WHAT YOU SHOULD DO >>
Reproduce the records below in full and without edits, omitting images.
BEGIN
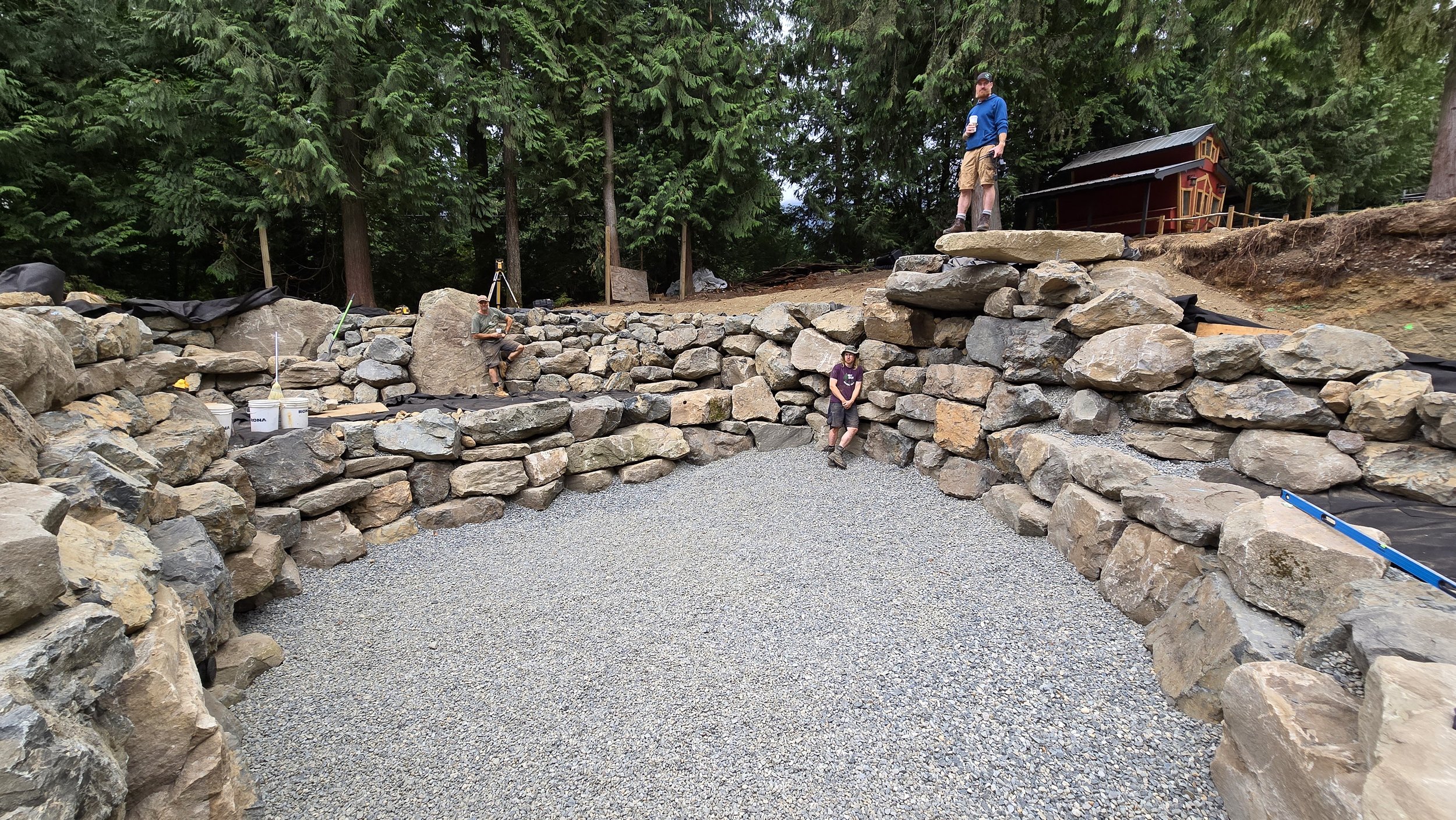 Custom natural pool with boulder retaining wall and aggregate bottom prior to filling
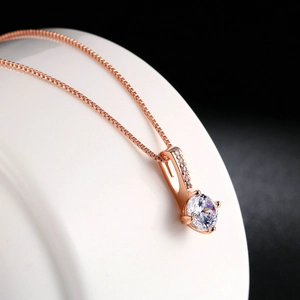 Elegant rose gold box chain necklace with a brilliant round cubic zirconia pendant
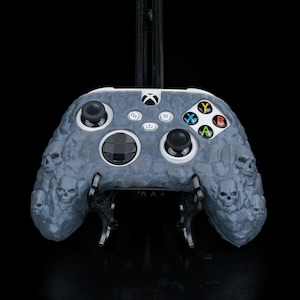 May include: A grey and black Xbox controller with a skull and bone design. The controller is on a stand.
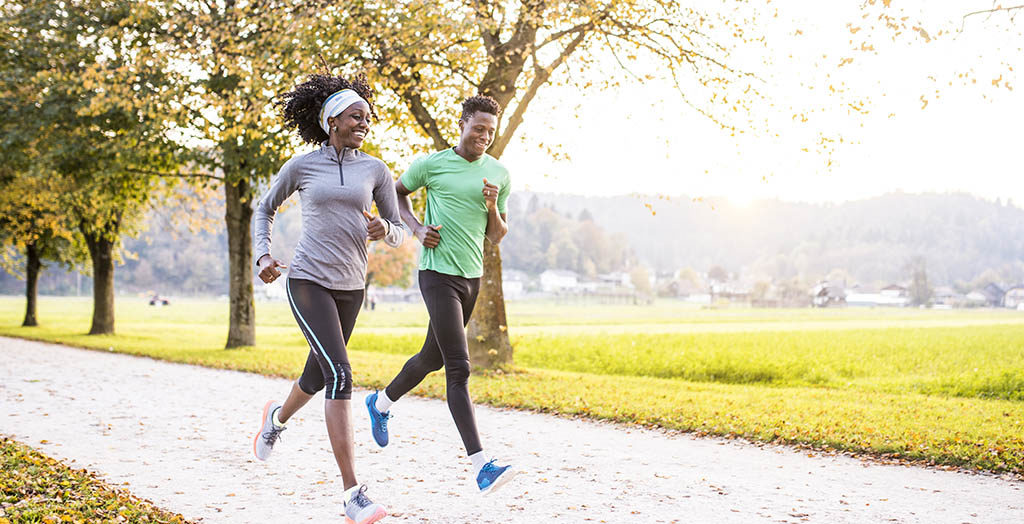 friends running together in nature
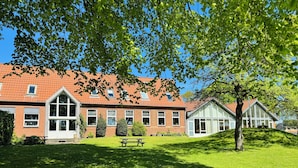 Een gebouw met een rood pannendak, grote ramen en een gazon met picknicktafels.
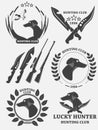 Set of hunting retriever logos, labels and badges. Dog, duck, weapons. Royalty Free Stock Photo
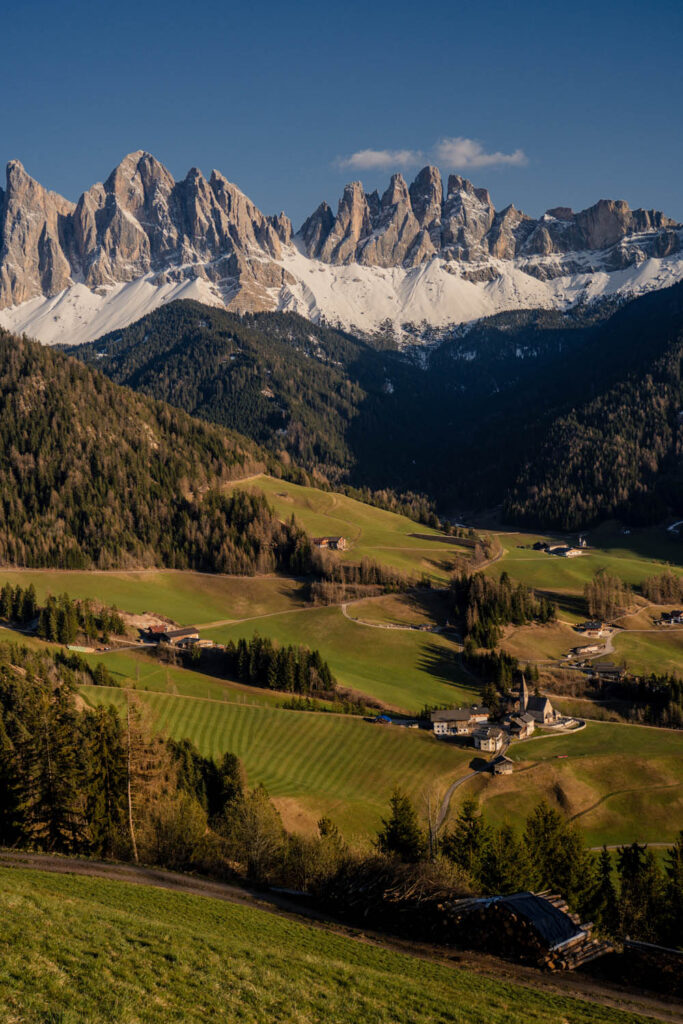 At the feet of the mountain range, a village is nestled in the Val di Funes with the most breathtaking church. 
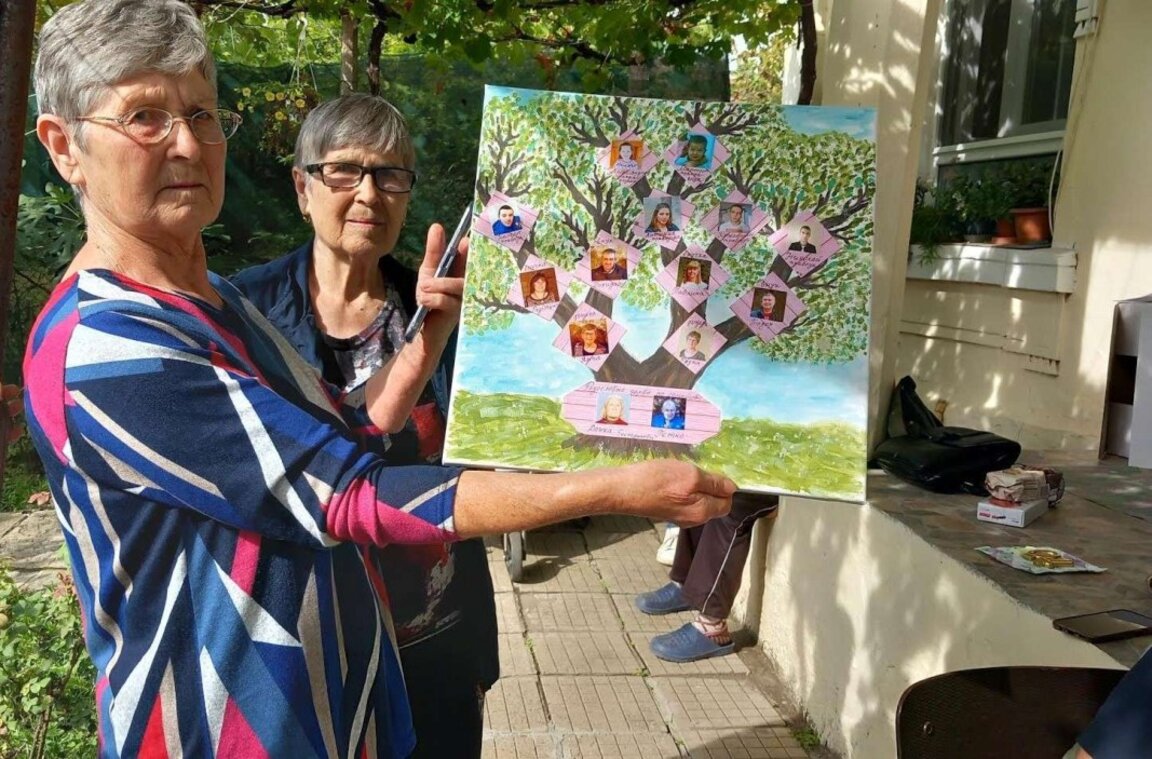 Снимката е архив на Община Стара Загора.  
Дъщерите на 101-годишния 
дядо Петко Колев от с. Михайлово позират с родословно дърво на своите предци и наследници.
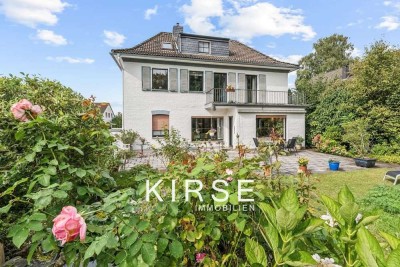 Klassischer Charme trifft Wohnkomfort: Stadtvilla mit Gartenparadies in 1A Lage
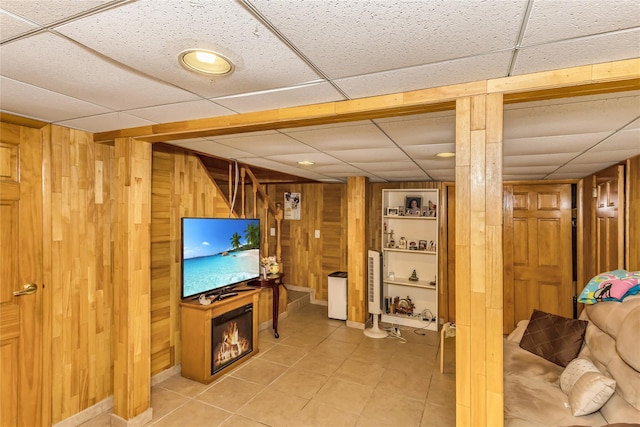 living area with light tile patterned floors, a paneled ceiling, wooden walls, and a glass covered fireplace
END
EXERCISE OUTPUT >>
 Custom natural pool with boulder retaining wall and aggregate bottom prior to filling
 Elegant rose gold box chain necklace with a brilliant round cubic zirconia pendant
 May include: A grey and black Xbox controller with a skull and bone design. The controller is on a stand.
 friends running together in nature
 Een gebouw met een rood pannendak, grote ramen en een gazon met picknicktafels.
 Set of hunting retriever logos, labels and badges. Dog, duck, weapons. Royalty Free Stock Photo
 At the feet of the mountain range, a village is nestled in the Val di Funes with the most breathtaking church. 
 Снимката е архив на Община Стара Загора.  
Дъщерите на 101-годишния 
дядо Петко Колев от с. Михайлово позират с родословно дърво на своите предци и наследници.
 Klassischer Charme trifft Wohnkomfort: Stadtvilla mit Gartenparadies in 1A Lage
 living area with light tile patterned floors, a paneled ceiling, wooden walls, and a glass covered fireplace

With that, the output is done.